### Provided material
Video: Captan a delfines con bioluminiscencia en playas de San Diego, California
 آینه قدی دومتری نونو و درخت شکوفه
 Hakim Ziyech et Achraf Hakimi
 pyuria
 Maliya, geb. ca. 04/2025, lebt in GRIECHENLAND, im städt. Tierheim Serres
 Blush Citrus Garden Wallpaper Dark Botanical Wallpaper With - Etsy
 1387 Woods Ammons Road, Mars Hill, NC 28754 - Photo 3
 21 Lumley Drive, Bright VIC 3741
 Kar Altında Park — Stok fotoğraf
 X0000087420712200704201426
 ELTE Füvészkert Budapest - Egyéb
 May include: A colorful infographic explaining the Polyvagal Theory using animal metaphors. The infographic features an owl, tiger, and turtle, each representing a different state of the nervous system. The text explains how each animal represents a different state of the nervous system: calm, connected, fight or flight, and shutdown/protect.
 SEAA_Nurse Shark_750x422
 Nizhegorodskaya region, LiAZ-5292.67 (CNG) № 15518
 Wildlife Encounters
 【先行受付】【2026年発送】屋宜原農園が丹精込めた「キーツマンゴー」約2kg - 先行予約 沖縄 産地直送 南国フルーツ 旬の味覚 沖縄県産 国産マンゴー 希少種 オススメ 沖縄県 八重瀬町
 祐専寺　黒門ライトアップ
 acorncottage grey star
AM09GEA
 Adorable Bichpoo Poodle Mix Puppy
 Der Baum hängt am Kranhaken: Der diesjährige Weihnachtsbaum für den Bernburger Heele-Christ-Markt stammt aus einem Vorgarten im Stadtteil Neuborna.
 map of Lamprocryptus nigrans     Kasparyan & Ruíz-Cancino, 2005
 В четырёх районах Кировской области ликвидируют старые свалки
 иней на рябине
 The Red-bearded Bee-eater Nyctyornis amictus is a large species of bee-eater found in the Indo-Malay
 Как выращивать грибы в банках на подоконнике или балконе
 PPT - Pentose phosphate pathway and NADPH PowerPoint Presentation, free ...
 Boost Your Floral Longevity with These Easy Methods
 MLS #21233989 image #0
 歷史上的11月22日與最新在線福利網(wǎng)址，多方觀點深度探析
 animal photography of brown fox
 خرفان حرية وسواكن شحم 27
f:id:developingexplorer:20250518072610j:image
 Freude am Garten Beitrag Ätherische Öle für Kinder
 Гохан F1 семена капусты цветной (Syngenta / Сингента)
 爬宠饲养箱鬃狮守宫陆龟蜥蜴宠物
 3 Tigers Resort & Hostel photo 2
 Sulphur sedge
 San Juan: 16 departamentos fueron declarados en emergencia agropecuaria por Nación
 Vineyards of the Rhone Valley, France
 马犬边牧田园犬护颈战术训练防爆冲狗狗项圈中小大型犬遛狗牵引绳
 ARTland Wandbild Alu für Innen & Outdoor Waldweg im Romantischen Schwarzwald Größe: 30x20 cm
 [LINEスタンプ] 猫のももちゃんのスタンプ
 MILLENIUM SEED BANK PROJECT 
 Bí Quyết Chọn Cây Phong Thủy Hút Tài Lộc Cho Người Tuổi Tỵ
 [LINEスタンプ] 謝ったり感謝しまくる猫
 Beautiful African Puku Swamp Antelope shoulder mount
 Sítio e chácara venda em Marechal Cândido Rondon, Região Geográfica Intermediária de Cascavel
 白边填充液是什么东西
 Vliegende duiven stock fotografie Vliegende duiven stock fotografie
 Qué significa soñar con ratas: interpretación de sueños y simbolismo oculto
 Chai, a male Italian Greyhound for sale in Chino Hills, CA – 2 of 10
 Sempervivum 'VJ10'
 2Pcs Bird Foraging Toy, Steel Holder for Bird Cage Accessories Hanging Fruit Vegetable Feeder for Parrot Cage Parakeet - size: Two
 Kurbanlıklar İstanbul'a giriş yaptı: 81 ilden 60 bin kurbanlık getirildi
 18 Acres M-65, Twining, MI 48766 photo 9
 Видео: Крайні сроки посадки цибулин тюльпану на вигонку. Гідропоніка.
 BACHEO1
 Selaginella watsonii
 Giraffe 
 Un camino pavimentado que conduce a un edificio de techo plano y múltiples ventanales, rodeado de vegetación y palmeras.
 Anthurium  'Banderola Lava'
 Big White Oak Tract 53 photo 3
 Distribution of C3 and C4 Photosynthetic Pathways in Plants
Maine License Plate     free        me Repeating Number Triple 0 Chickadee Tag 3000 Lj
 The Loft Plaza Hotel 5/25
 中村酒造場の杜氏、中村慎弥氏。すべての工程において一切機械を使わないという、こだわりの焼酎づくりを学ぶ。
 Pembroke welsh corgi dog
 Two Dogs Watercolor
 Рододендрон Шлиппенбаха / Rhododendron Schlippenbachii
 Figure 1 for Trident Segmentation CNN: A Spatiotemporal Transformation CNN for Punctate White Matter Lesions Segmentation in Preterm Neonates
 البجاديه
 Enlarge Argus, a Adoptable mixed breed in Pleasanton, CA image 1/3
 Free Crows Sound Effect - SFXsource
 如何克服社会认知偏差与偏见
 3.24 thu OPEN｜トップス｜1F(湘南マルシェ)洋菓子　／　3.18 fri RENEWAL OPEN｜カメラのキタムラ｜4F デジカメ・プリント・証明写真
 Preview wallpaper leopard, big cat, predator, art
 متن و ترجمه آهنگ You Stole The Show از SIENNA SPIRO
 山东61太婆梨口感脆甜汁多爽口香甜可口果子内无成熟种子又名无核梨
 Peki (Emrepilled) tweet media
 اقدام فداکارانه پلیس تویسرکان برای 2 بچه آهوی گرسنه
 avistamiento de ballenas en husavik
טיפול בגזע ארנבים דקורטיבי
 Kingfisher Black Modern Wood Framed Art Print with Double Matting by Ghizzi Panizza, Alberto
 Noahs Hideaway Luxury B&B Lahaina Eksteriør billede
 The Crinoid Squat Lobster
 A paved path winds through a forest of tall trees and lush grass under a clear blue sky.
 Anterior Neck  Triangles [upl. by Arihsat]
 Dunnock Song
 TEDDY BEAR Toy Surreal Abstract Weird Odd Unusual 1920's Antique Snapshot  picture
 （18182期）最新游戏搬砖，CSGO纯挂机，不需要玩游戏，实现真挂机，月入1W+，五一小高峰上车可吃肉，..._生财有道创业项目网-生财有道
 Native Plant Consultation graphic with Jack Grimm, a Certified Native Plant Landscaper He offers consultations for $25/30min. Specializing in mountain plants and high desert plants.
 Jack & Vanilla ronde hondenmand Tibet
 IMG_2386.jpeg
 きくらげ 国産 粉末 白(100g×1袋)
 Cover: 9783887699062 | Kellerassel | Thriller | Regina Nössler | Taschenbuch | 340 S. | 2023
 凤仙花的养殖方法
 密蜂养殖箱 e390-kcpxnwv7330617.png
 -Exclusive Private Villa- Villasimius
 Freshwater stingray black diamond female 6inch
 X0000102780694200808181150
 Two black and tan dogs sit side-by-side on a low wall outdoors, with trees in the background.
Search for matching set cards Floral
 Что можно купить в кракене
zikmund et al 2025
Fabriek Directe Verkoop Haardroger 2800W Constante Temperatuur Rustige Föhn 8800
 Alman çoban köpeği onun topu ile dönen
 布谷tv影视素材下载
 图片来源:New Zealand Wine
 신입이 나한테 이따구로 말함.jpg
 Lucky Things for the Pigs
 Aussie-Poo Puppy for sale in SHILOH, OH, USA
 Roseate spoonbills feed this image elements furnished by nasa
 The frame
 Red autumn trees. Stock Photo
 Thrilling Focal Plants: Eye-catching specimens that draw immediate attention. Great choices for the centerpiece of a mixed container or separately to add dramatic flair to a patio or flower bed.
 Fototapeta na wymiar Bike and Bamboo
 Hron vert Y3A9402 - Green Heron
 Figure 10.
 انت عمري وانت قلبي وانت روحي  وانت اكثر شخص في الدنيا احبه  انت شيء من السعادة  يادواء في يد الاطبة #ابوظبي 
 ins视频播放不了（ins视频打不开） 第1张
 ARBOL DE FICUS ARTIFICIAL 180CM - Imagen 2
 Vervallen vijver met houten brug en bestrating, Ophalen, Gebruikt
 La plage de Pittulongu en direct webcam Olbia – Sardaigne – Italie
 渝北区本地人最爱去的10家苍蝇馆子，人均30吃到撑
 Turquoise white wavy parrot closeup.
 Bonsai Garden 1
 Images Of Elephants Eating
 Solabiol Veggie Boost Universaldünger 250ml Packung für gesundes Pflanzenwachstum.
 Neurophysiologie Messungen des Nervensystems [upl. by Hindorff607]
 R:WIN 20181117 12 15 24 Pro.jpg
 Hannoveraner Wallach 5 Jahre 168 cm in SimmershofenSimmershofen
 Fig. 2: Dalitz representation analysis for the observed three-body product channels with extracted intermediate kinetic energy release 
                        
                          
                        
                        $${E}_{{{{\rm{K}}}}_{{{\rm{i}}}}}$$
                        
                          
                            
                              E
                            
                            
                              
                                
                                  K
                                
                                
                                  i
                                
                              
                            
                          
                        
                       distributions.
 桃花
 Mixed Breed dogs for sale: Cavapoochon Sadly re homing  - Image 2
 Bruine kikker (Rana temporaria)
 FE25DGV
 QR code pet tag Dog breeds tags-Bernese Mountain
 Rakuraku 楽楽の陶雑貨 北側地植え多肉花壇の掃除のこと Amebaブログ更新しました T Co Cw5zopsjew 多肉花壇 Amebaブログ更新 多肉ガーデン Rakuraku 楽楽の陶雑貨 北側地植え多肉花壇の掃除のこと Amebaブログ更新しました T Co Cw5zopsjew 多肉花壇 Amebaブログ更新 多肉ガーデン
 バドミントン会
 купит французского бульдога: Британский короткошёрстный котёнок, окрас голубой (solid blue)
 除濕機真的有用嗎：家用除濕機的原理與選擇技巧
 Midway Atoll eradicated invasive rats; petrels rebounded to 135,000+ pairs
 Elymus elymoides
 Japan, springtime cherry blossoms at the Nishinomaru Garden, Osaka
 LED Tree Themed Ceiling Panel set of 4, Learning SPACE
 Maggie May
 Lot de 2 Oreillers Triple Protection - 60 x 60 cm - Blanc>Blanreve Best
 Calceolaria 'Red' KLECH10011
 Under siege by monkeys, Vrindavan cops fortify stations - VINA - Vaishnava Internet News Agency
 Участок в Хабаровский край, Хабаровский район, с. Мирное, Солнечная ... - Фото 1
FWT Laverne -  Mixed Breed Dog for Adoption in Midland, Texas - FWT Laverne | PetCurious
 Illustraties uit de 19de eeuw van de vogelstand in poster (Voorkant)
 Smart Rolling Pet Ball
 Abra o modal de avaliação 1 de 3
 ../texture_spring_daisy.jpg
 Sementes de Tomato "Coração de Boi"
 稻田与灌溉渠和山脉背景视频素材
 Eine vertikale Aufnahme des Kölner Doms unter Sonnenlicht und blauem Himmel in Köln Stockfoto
######
## [What to do]
Only an exact copy is wanted here: the line containing "Smart Rolling Pet Ball" and every later line, up to and including the last line of the listing.

## [Answer below]
 Smart Rolling Pet Ball
 Abra o modal de avaliação 1 de 3
 ../texture_spring_daisy.jpg
 Sementes de Tomato "Coração de Boi"
 稻田与灌溉渠和山脉背景视频素材
 Eine vertikale Aufnahme des Kölner Doms unter Sonnenlicht und blauem Himmel in Köln Stockfoto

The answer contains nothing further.